### PROBLEM STATEMENT
Starting at the line holding "Conta Full Acesso com varias skins" and finishing at the line holding "Дорожня сумка Thule", transcribe the material exactly, keeping both ends but no pictures.

### PROVIDED RECORDS
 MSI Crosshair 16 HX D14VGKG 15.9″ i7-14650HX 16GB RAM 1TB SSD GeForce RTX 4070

--

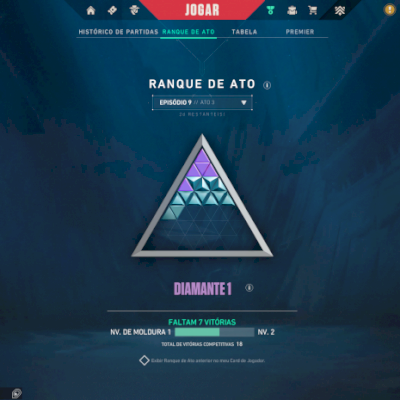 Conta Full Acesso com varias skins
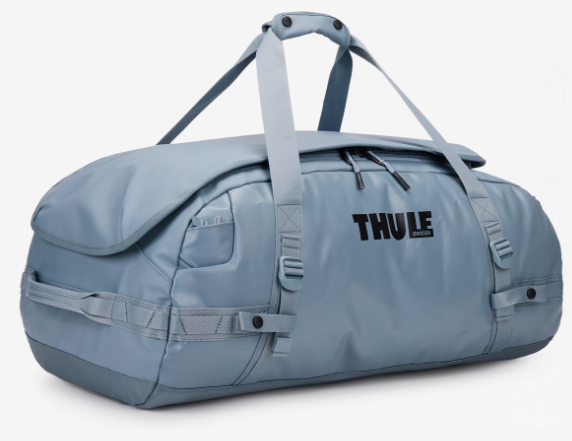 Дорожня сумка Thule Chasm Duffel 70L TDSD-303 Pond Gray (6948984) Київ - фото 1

--

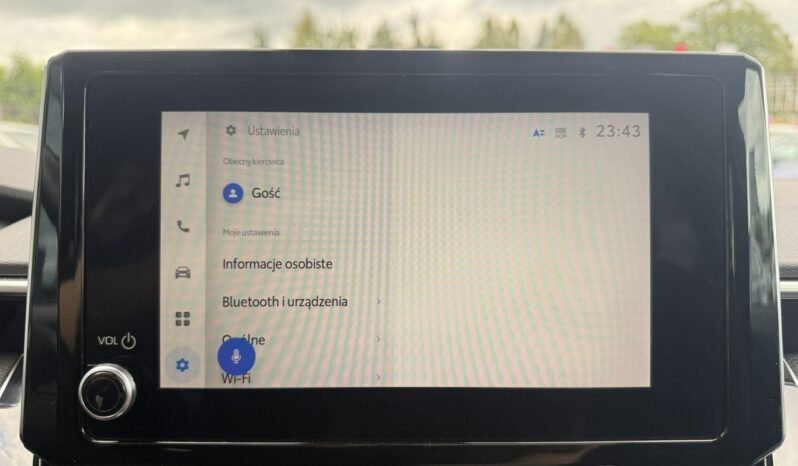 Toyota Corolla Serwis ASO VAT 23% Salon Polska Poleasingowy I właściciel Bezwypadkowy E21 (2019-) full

### RESULT OF THE TASK
 Conta Full Acesso com varias skins
 Дорожня сумка Thule Chasm Duffel 70L TDSD-303 Pond Gray (6948984) Київ - фото 1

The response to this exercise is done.